Given records
Start of Block

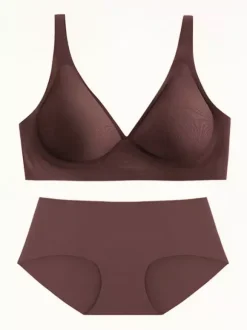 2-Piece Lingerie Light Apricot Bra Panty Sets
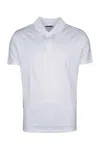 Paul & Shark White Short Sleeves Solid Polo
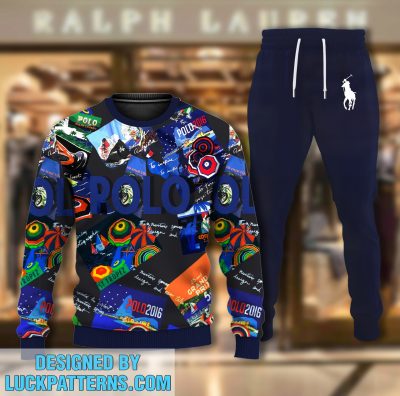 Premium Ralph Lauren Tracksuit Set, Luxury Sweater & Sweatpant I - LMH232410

End of Block
Start of Block

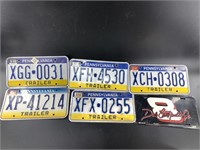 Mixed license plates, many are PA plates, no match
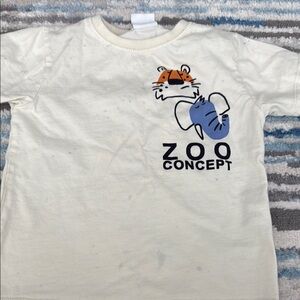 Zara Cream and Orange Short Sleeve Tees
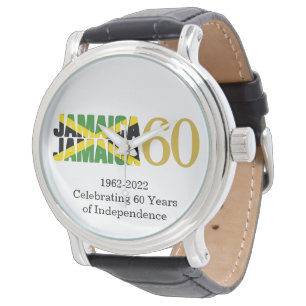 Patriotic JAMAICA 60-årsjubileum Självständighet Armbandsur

End of Block
Start of Block

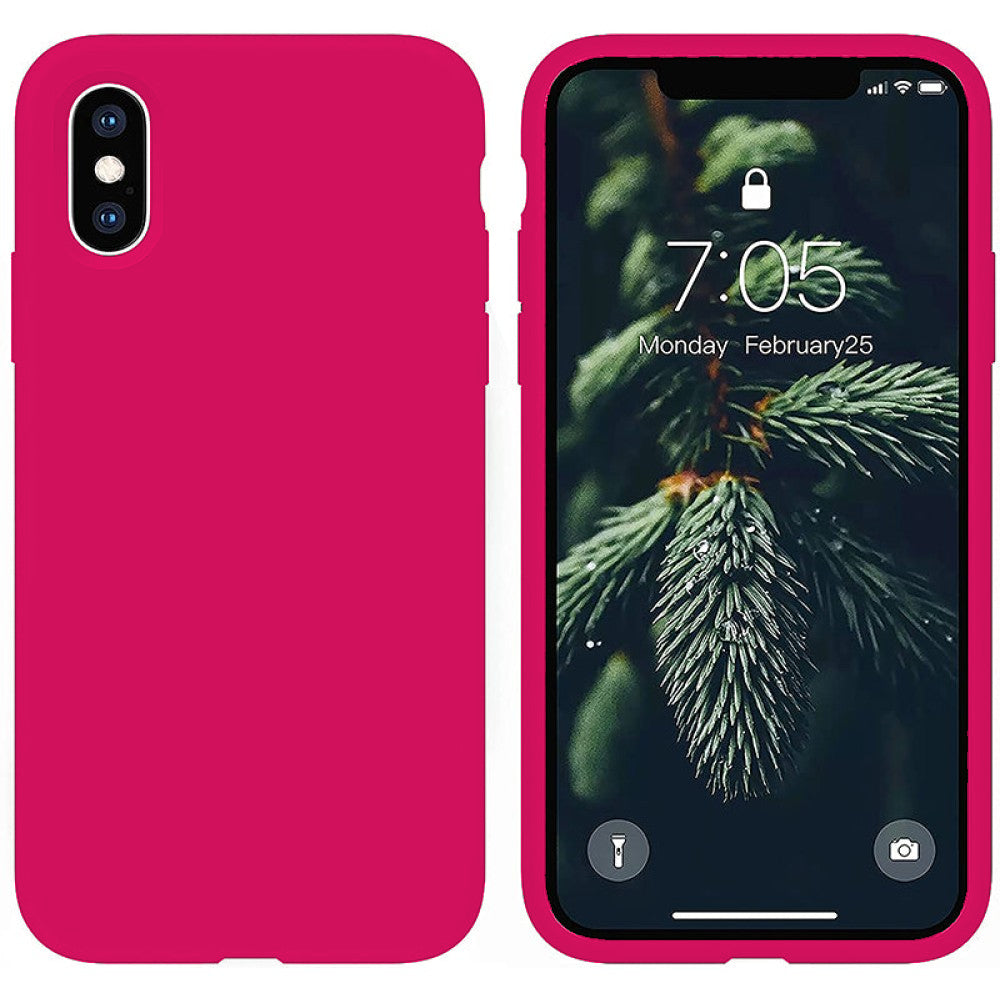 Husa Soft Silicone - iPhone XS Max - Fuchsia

End of Block

Exercise objective
Here the job is to copy the listing above word for word, starting at the line with "2-Piece Lingerie Light" and ending at the line with "Premium Ralph Lauren", and to leave out the pictures.

Final answer
 2-Piece Lingerie Light Apricot Bra Panty Sets
 Paul & Shark White Short Sleeves Solid Polo
 Premium Ralph Lauren Tracksuit Set, Luxury Sweater & Sweatpant I - LMH232410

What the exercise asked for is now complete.